- Stored data:
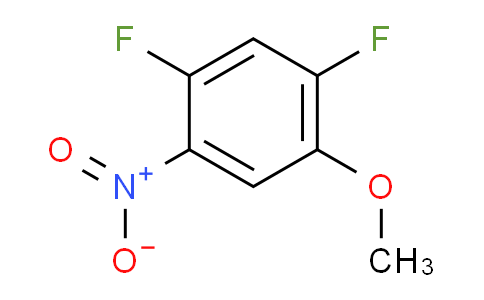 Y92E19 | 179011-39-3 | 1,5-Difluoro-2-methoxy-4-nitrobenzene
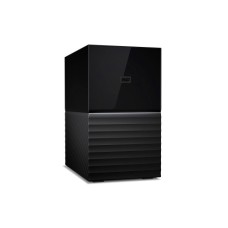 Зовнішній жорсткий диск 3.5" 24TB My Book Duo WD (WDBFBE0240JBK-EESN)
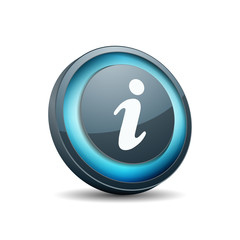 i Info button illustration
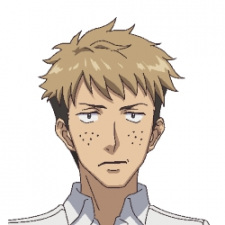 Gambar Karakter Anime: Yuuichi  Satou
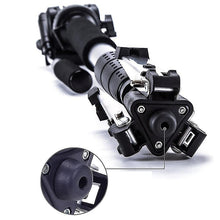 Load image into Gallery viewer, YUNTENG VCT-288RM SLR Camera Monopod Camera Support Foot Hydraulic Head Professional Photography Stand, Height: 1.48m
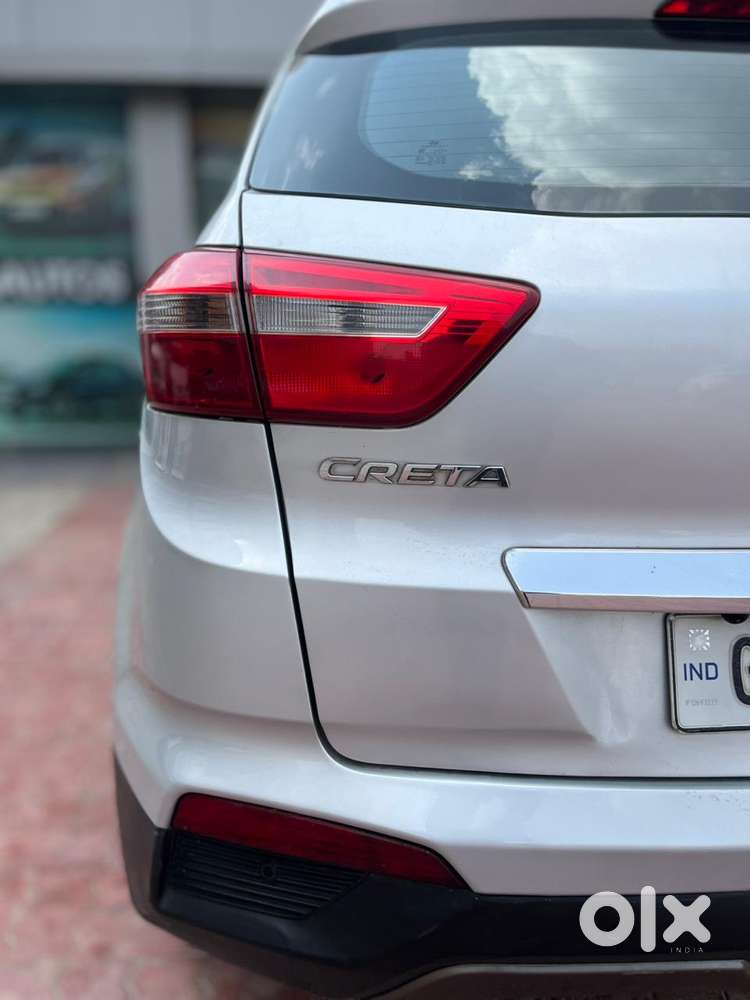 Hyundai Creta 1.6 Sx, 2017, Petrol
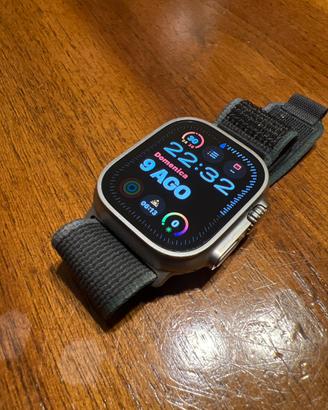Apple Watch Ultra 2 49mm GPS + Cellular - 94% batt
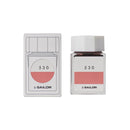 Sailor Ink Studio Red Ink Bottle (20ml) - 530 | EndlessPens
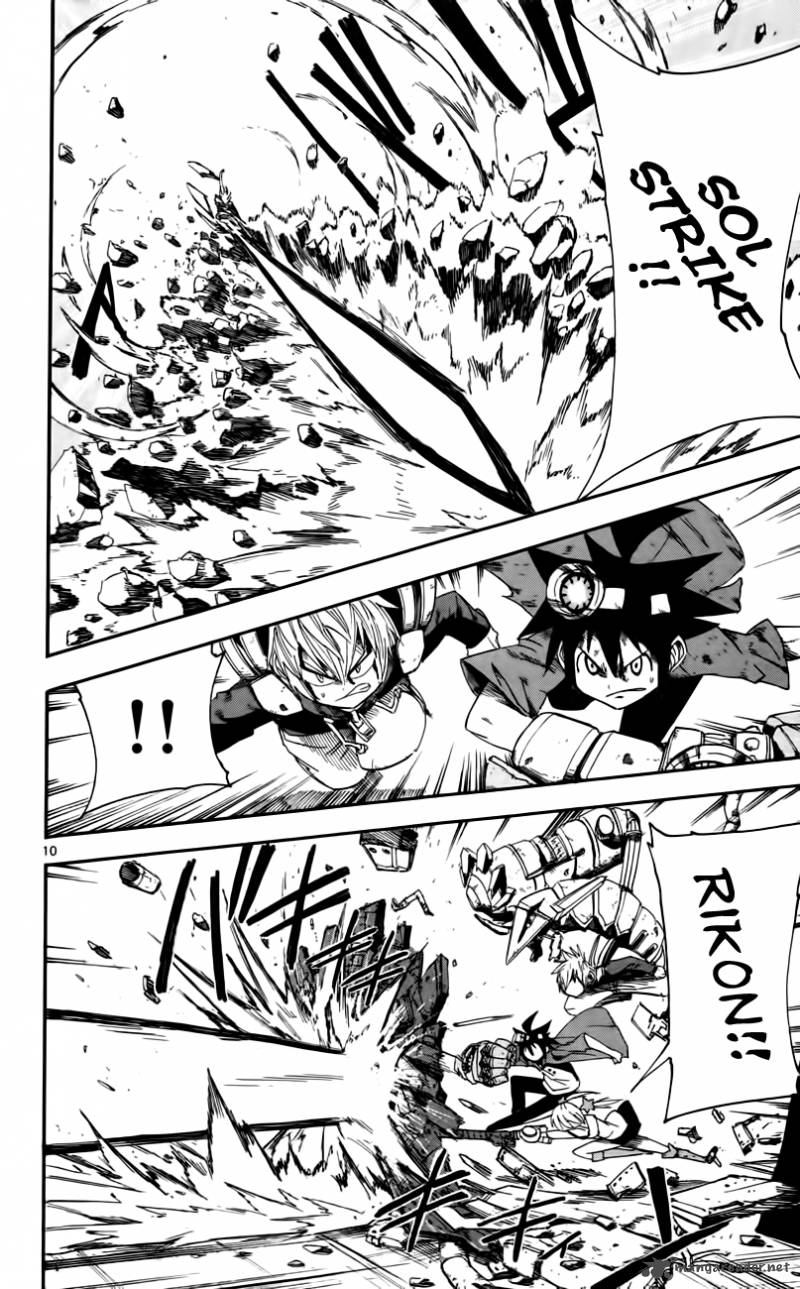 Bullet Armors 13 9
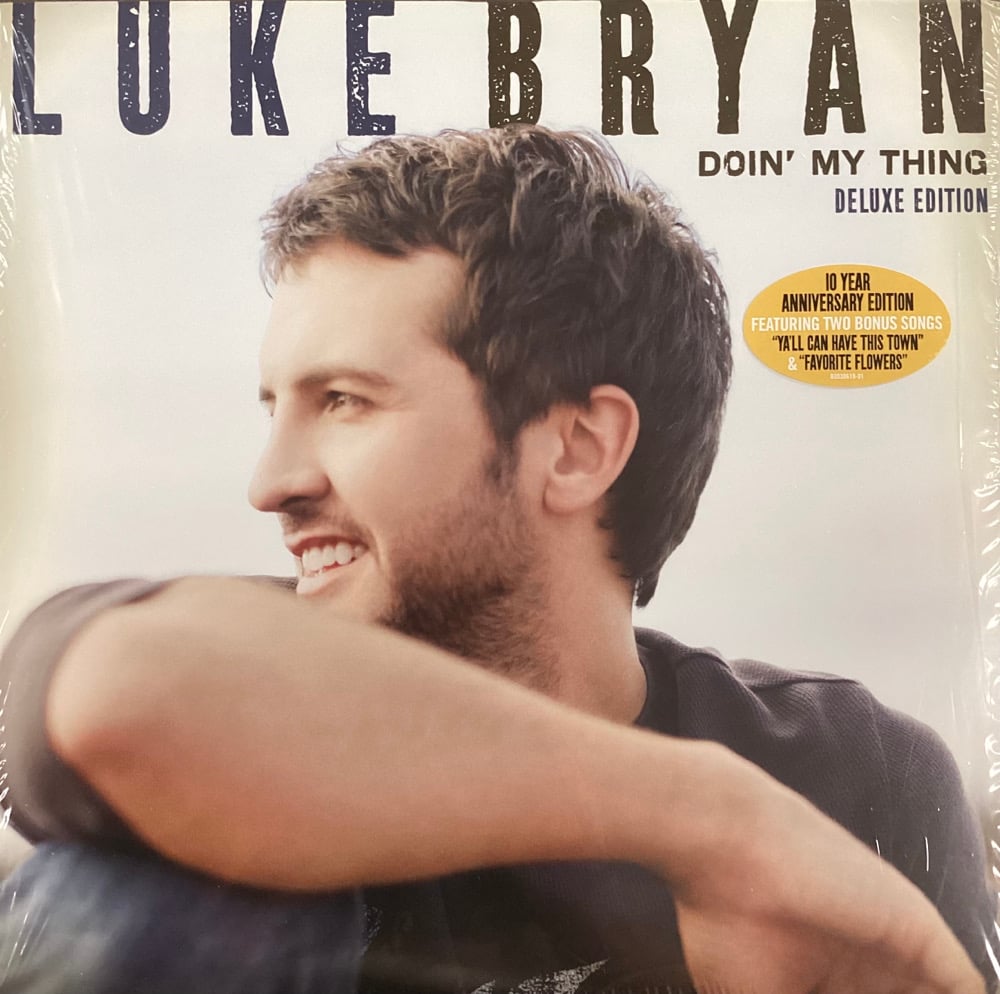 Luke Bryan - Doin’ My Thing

* * *

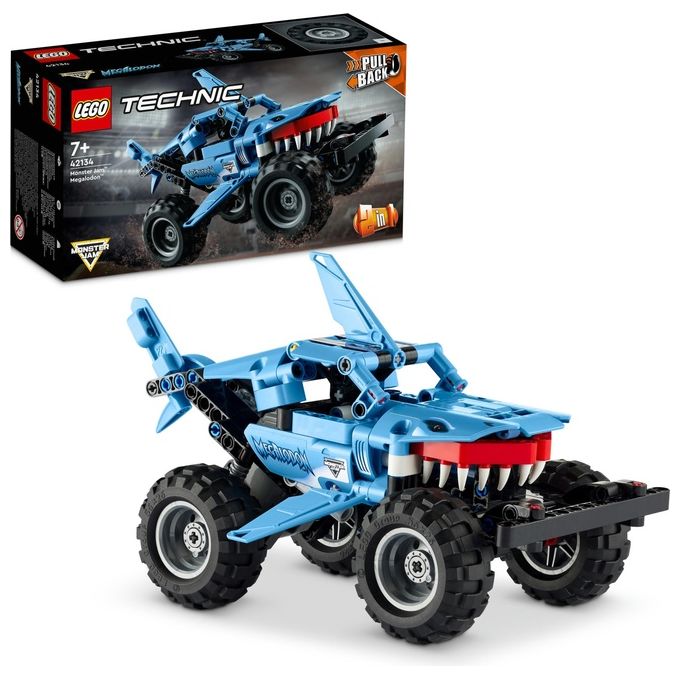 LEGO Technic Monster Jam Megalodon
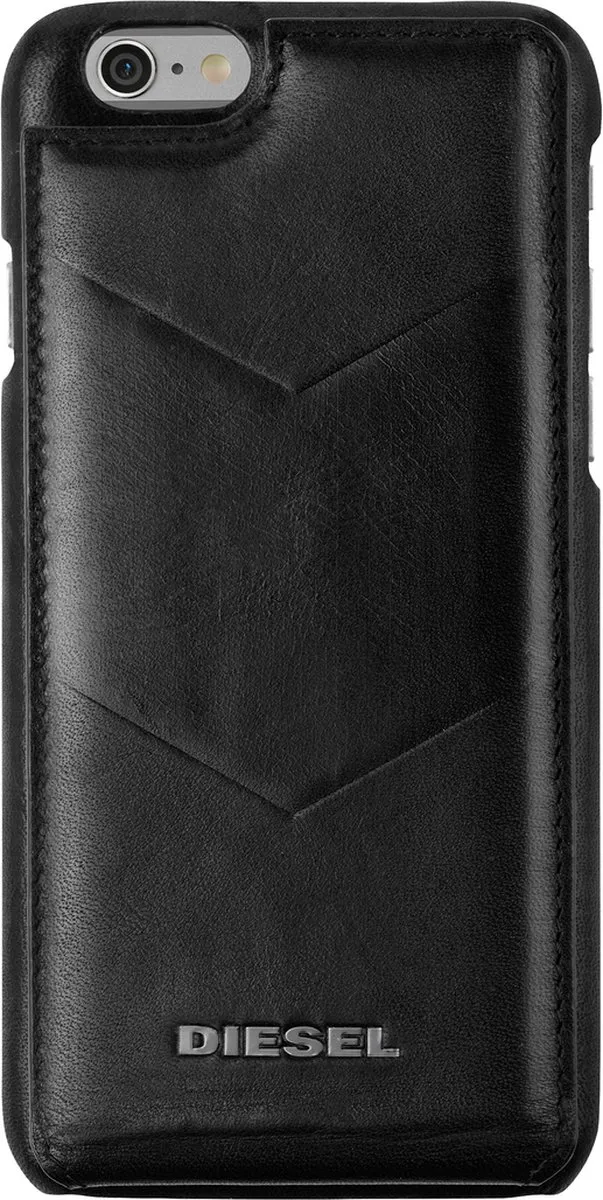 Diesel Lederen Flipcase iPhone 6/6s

--

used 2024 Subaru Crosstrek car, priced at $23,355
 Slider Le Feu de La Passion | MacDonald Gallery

- Task: After locating the line containing "Gambar Karakter Anime: Yuuichi" in the entries above, return it and every line after it exactly, ending at the line containing "Luke Bryan - Doin’ My Thing", without pictures.

- Exercise response:
 Gambar Karakter Anime: Yuuichi  Satou
 Load image into Gallery viewer, YUNTENG VCT-288RM SLR Camera Monopod Camera Support Foot Hydraulic Head Professional Photography Stand, Height: 1.48m
 Hyundai Creta 1.6 Sx, 2017, Petrol
Apple Watch Ultra 2 49mm GPS + Cellular - 94% batt
 Sailor Ink Studio Red Ink Bottle (20ml) - 530 | EndlessPens
 Bullet Armors 13 9
 Luke Bryan - Doin’ My Thing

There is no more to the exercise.